- Brief
Copy the entries exactly. Their pictures do not belong in the copy.

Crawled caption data
____________

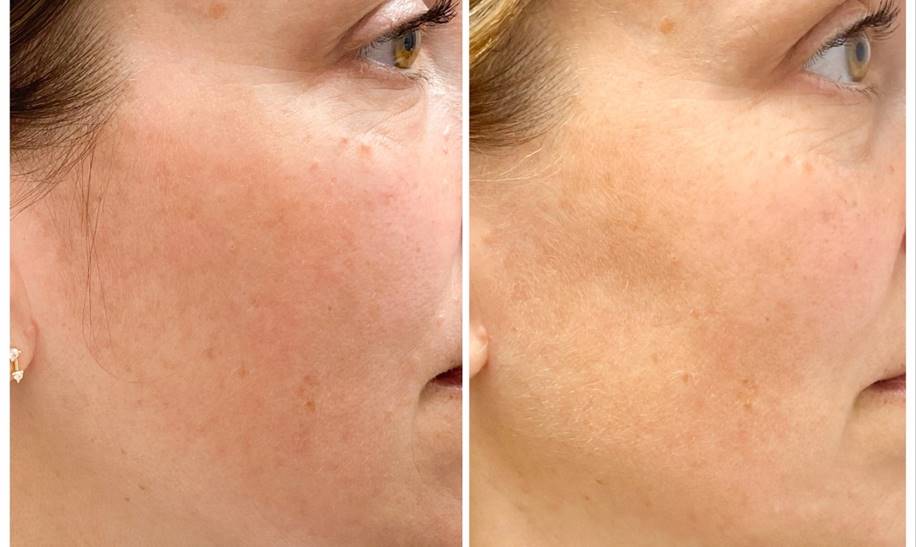 ISDIN Isdinceutics Melaclear Advanced Serum (1.7 oz)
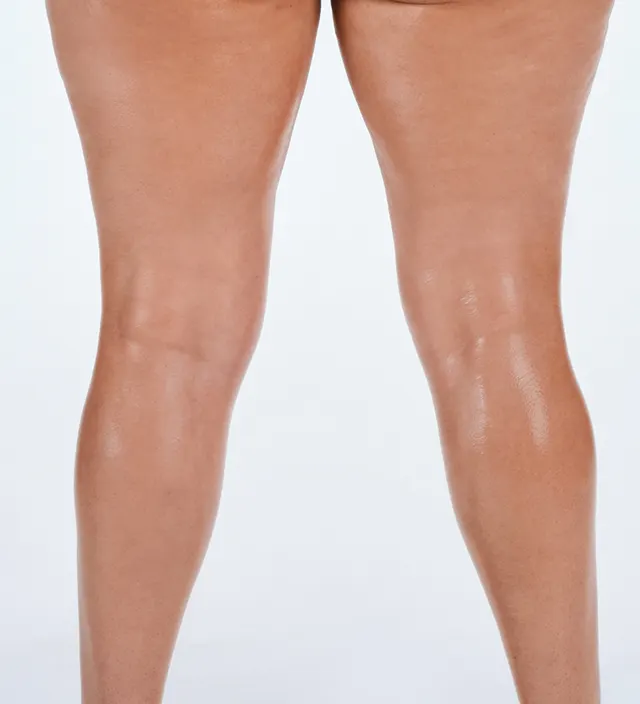 Zoomed-in image of model's thighs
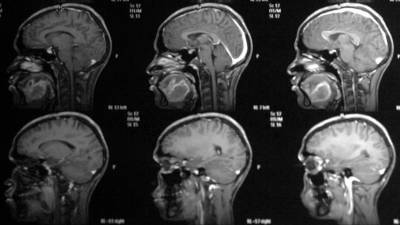 Михаил Мяснянкин - Онколог назвал основные симптомы рака головного мозга - russian.rt.com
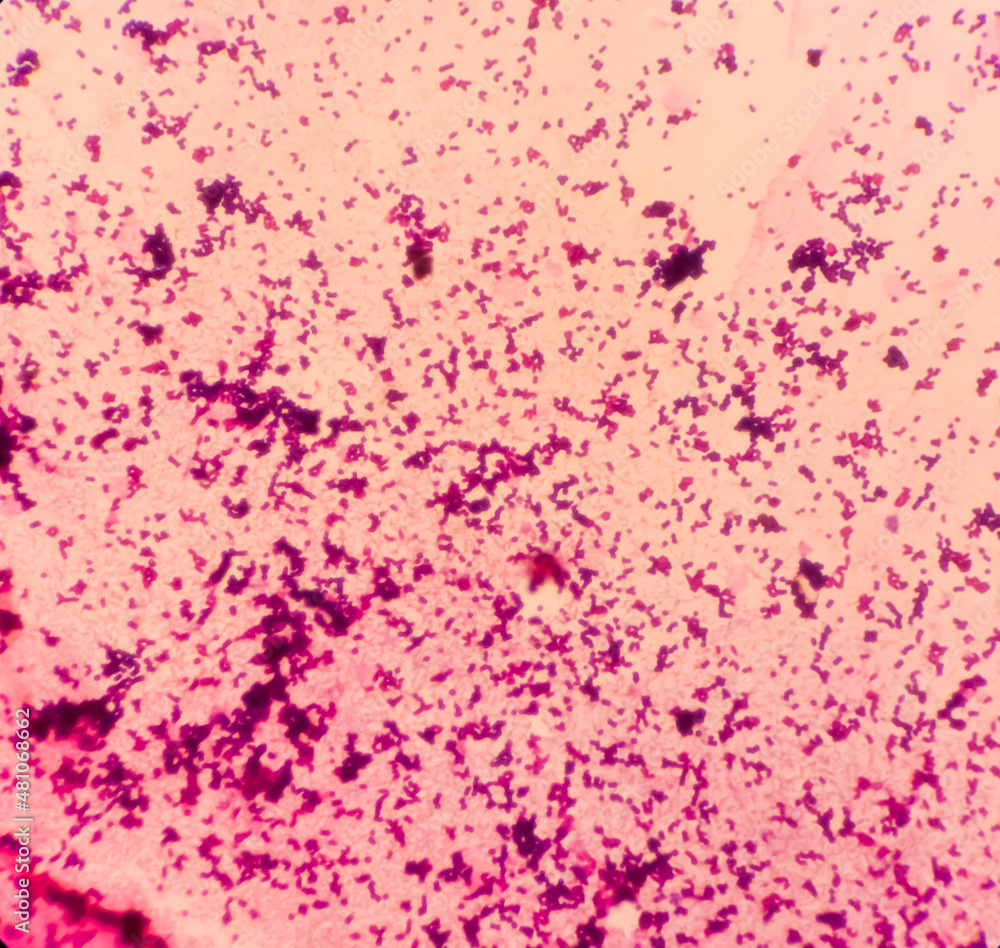 Gram staining, It is a method of differentiating bacterial species into two large groups(Gram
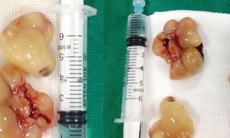 U mũi 6cm khiến bệnh nhân gần như không thở được bằng mũi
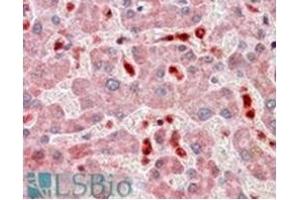 Image no. 3 for anti-PYD and CARD Domain Containing (PYCARD) (C-Term) antibody (ABIN374154) (PYCARD anticorps  (C-Term))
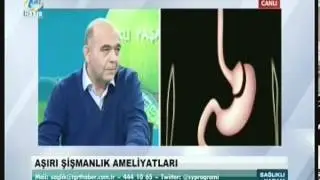 Obezite ameliyatları 2014 TGRT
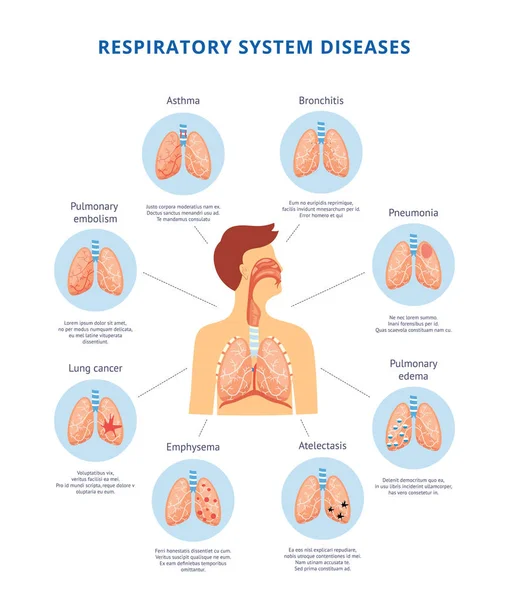 Human respiratory system diseases informative diagram vector illustration. — Stock Vector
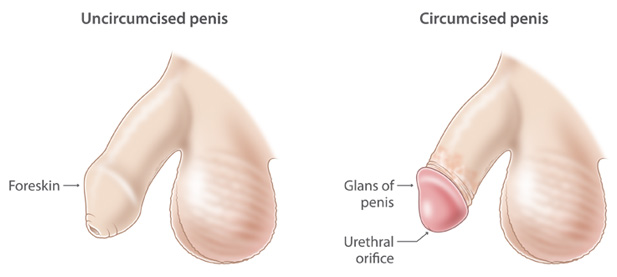 picture of uncircumcised and circumcised penises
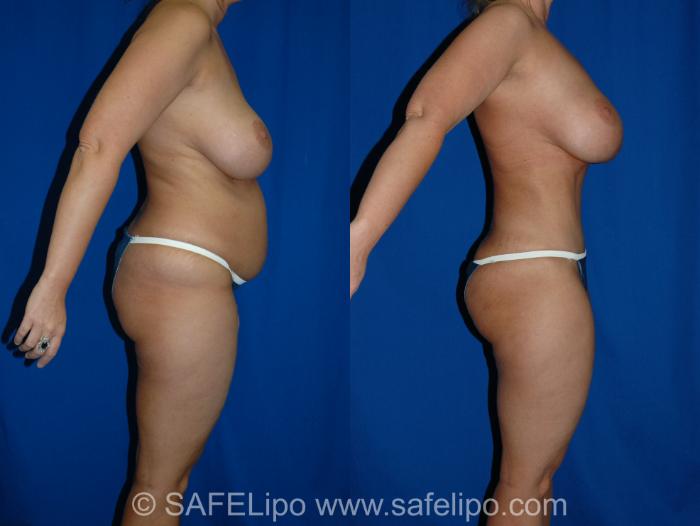 Abdominoplasty Right Side Photo, Shreveport, LA, The Wall Center for Plastic Surgery, Case 286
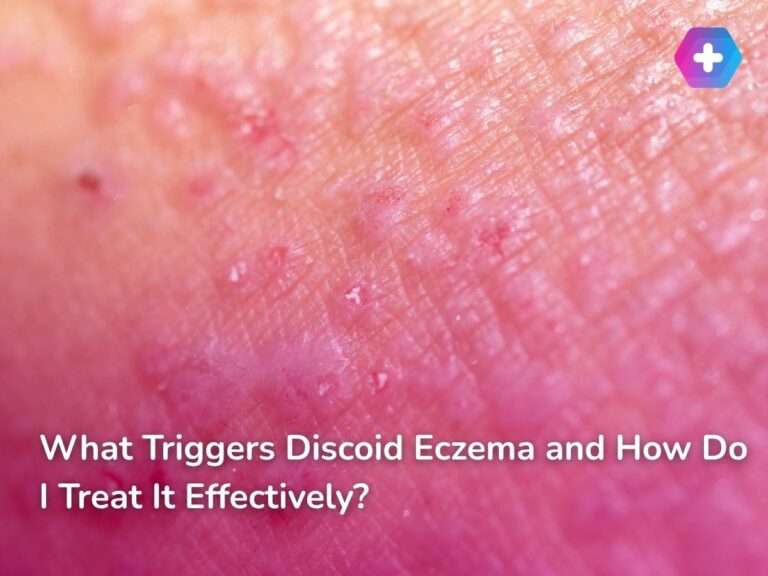 What Triggers Discoid Eczema and How Do I Treat It Effectively?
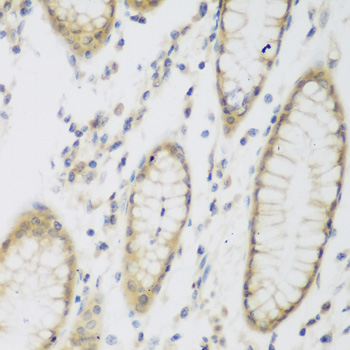 NAT8B Polyclonal Antibody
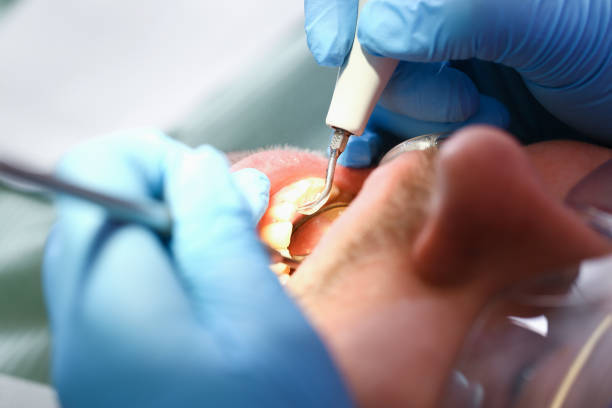 Best Emergency Wisdom Tooth Extraction in North Fork, CA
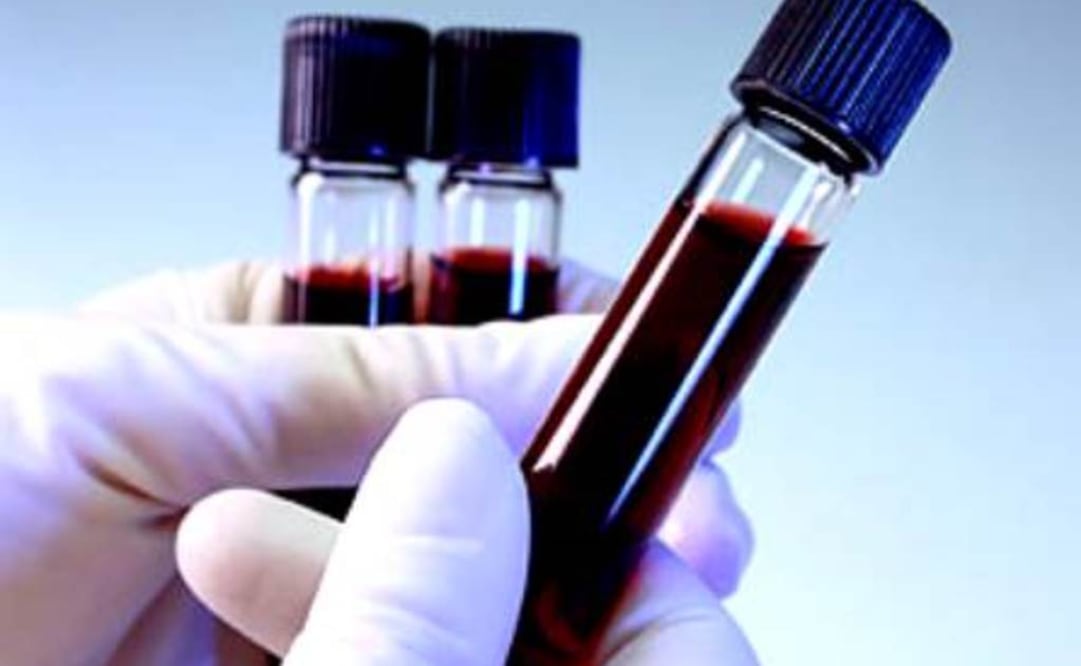 Análisis revela los virus que han afectado a una persona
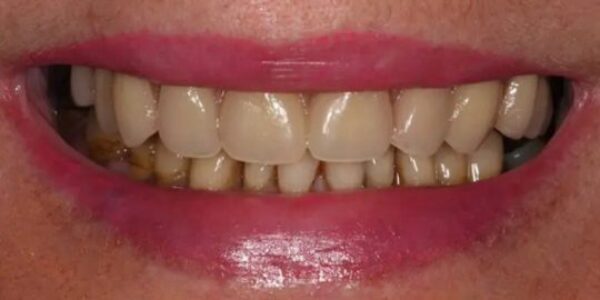 manchester-dental-same-day-implants-after12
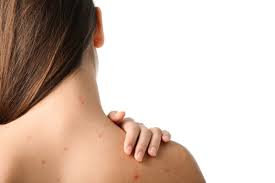 Cara cepat mengatasi jerawat punggung dengan produk erha acne back spray. Cara Mengatasi Jerawat Di Punggung Pure Laser Clinic Indonesia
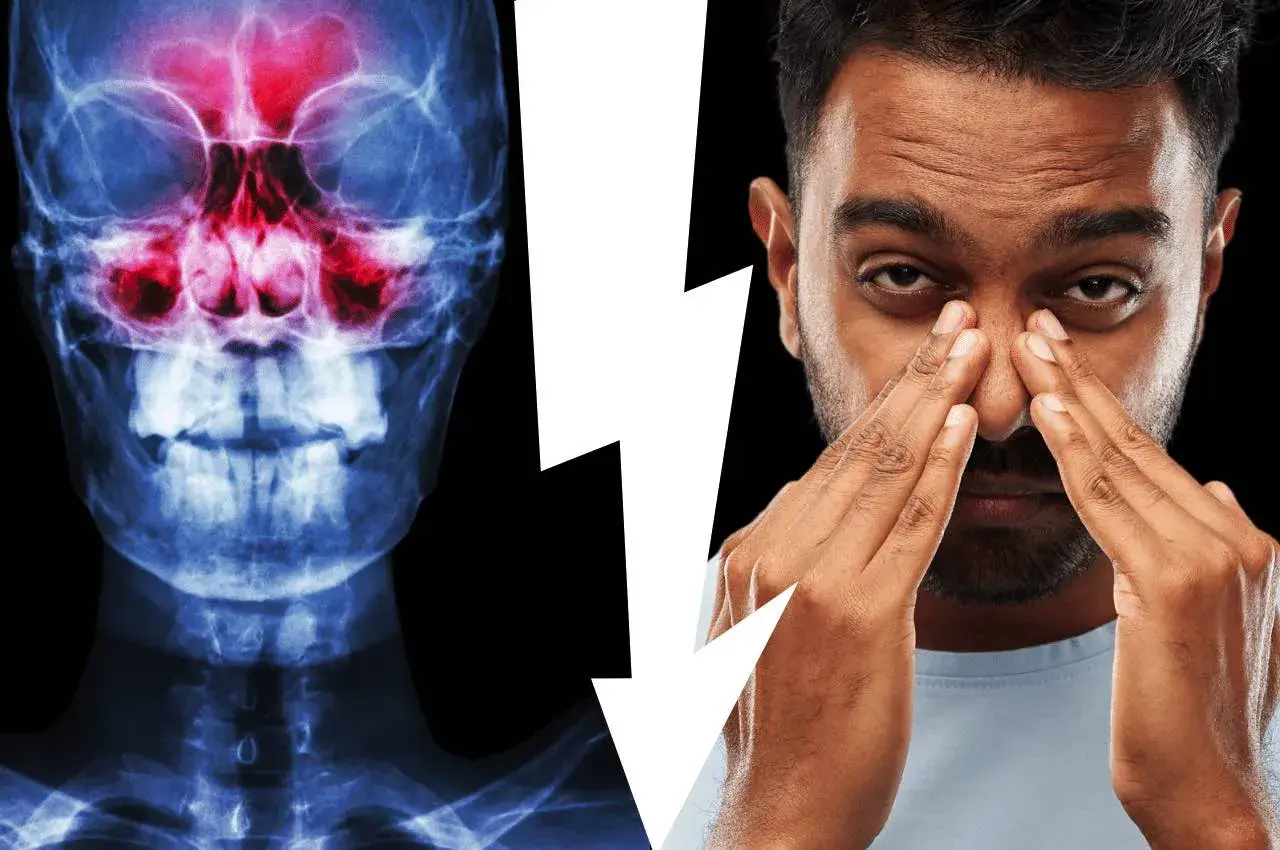Radiografia dei seni paranasali con infiammazione e uomo che si tocca il naso, suggerendo un problema di sinusite odontogena e la necessità di un intervento.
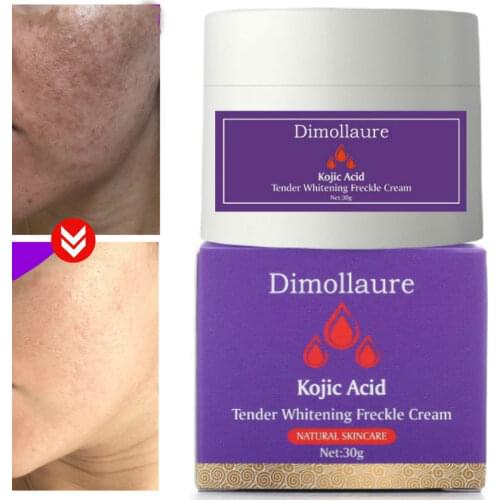 Dimollaure Kojic Acid whitening cream 30g Retinol Wrinkle removal Freckle melasma Acne scar pigment age spot melanin Vitamin C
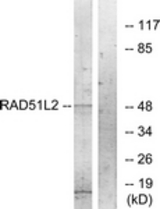 Western blot of extracts from COS7 cells, using RAD51L2 Antibody. The lane on the right was incubated with synthetic peptide.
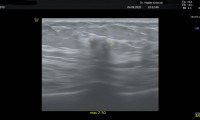 68 jährige Patientin, unscharf begrenzte, inhomogener Tumor mit Schallauslöschung, brusterhaltende Operation, nur antihormonelle Therapie,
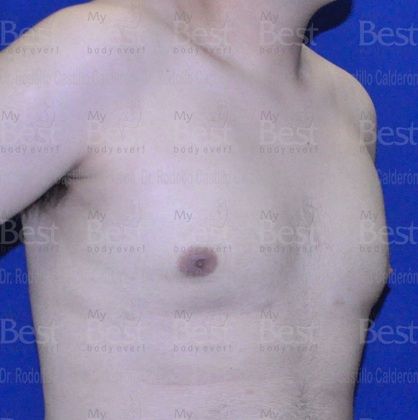 Male Breast Reduction: Breast volume increase in a teenager - After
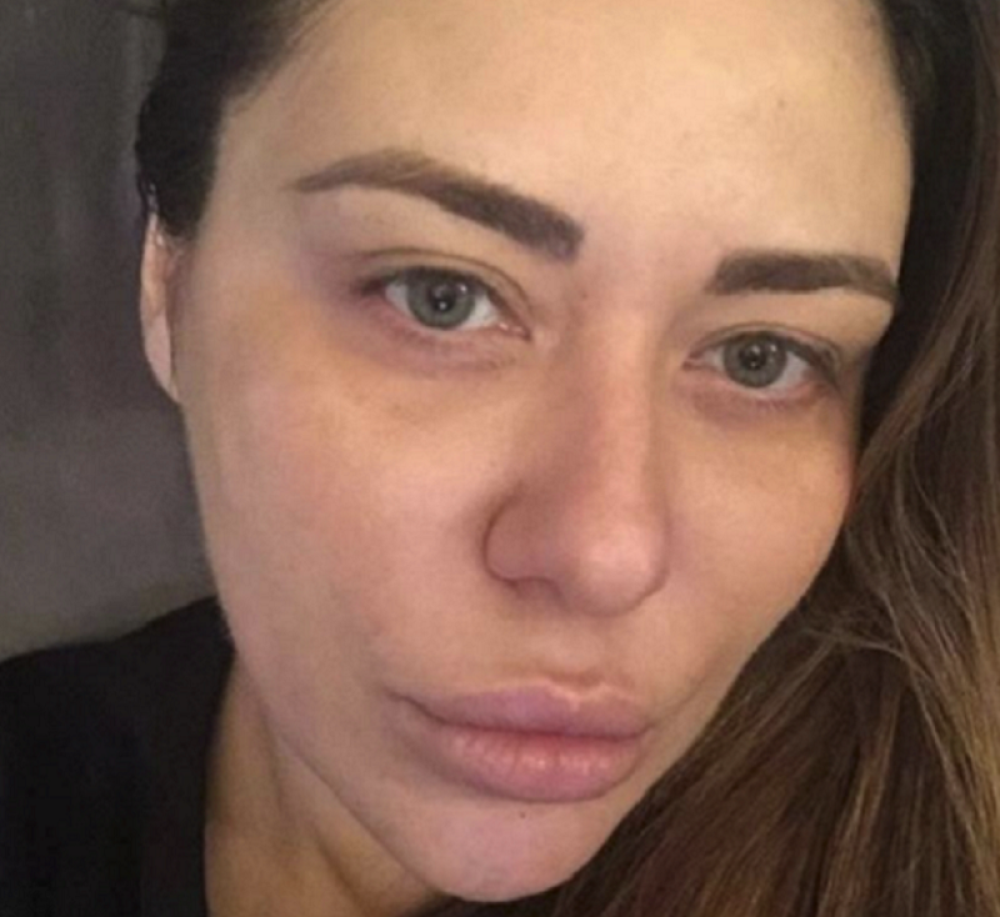 Ana Nikolić kolabirala! Pevačica hitno prevezena u bolnicu!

____________

- Answer box
 ISDIN Isdinceutics Melaclear Advanced Serum (1.7 oz)
 Zoomed-in image of model's thighs
 Михаил Мяснянкин - Онколог назвал основные симптомы рака головного мозга - russian.rt.com
 Gram staining, It is a method of differentiating bacterial species into two large groups(Gram
 U mũi 6cm khiến bệnh nhân gần như không thở được bằng mũi
 Image no. 3 for anti-PYD and CARD Domain Containing (PYCARD) (C-Term) antibody (ABIN374154) (PYCARD anticorps  (C-Term))
 Obezite ameliyatları 2014 TGRT
 Human respiratory system diseases informative diagram vector illustration. — Stock Vector
 picture of uncircumcised and circumcised penises
 Abdominoplasty Right Side Photo, Shreveport, LA, The Wall Center for Plastic Surgery, Case 286
 What Triggers Discoid Eczema and How Do I Treat It Effectively?
 NAT8B Polyclonal Antibody
 Best Emergency Wisdom Tooth Extraction in North Fork, CA
 Análisis revela los virus que han afectado a una persona
 manchester-dental-same-day-implants-after12
 Cara cepat mengatasi jerawat punggung dengan produk erha acne back spray. Cara Mengatasi Jerawat Di Punggung Pure Laser Clinic Indonesia
Radiografia dei seni paranasali con infiammazione e uomo che si tocca il naso, suggerendo un problema di sinusite odontogena e la necessità di un intervento.
 Dimollaure Kojic Acid whitening cream 30g Retinol Wrinkle removal Freckle melasma Acne scar pigment age spot melanin Vitamin C
 Western blot of extracts from COS7 cells, using RAD51L2 Antibody. The lane on the right was incubated with synthetic peptide.
 68 jährige Patientin, unscharf begrenzte, inhomogener Tumor mit Schallauslöschung, brusterhaltende Operation, nur antihormonelle Therapie,
 Male Breast Reduction: Breast volume increase in a teenager - After
 Ana Nikolić kolabirala! Pevačica hitno prevezena u bolnicu!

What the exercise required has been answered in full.